★ Ryu の 目・Ⅱ☆ no.18

◆今月の風 : 話題の提供は徳山隆さんです。

−音楽は至福の時をもたらす−

 一体、世界全体に平和をもたらすような力は(が)、音楽にあるのか、ないのか。これだけ科学技術が進歩しても、人間のエゴはなくならず、日本も、世界も、地球も、今、大きくゆがみ、ひずみ、あえいでいる。平和主義の日本国憲法を世界に問い、広めることなく、結局わが国は交戦権を肯定する普通の国家に堕してゆくのだろうか。

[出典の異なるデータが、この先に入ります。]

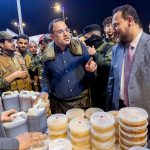 الوزير السقطري والمحافظ شيخ يزوران معرض العسل اليمني بعدن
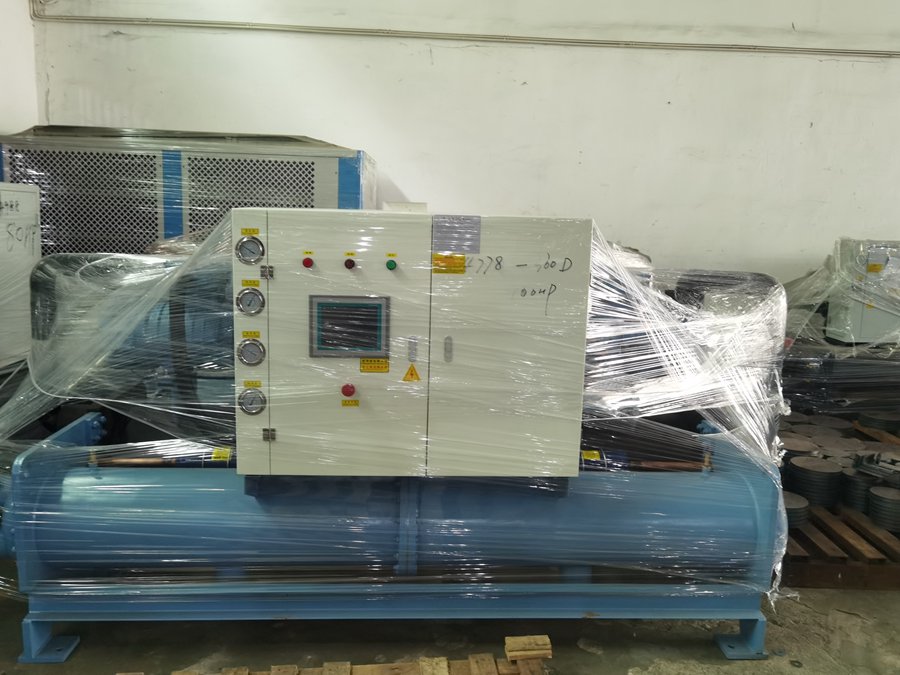 箱型風冷冷水機 箱型風冷冷水機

 さて、私が聴いた最高の音楽は、30年前、夏期ドイツ語学校で滞在していたザルツブルグでのウイーン・フィルのモーツアルト交響曲25番)。有名な40番のシンフォニーとは別のもう一つの短調。映画『アマデウス』でも効果的に使われていたのでご存じの方もあろう。この時の指揮は、今は亡き(海水浴で水死した)イシュトバン・ケルテス。一糸乱れぬその演奏(特に弦楽器群)は、限りなく美しく、「人間はここまで氣を合わせることができるのか」と、私を感嘆、感動させた。
 家内も通い、今夏は娘がバイオリンの講習に参加する音大(モーツアルテウム)の小さな講堂で、私が確かに目にした人間の技の巧みの最高峰の一つは、今でも耳に刻まれている。私の目の前には巨大な柱があり、よって学割で500円の席だった。この「柱付き・500円席」をアメリカから購入していたもう一人、マサチューセッツ工科大学の学生ヤノビッチは、黒い背広にピンクのシャツとネクタイに金髪の髭。当方はジーパンにTシャツで超長髪。彼とは、その後、小さなザルツブルグの界隈を、何度か飲み歩いた。
 この夏は、小沢征爾バルトークを振ったが、やはり群を抜いていた。踊るような仕草はいつもの通り。満座の喝采を浴び、私は同じ日本人であることが誇らしいような気持ちを抱いたことを覚えている。
 ウイーンの国立歌劇場のオペラは、学割+後進国割引(当時)で、天井桟敷の席は、何と17円。開始と同時に一階まで駆け下りて(ここらの席は数千円)立ち見。座ると看守のおじいさんにみんなで叱られた(「みんな」といっても、いつも、アメリカ人を中心とする白人+アジア人私ひとりだったが)。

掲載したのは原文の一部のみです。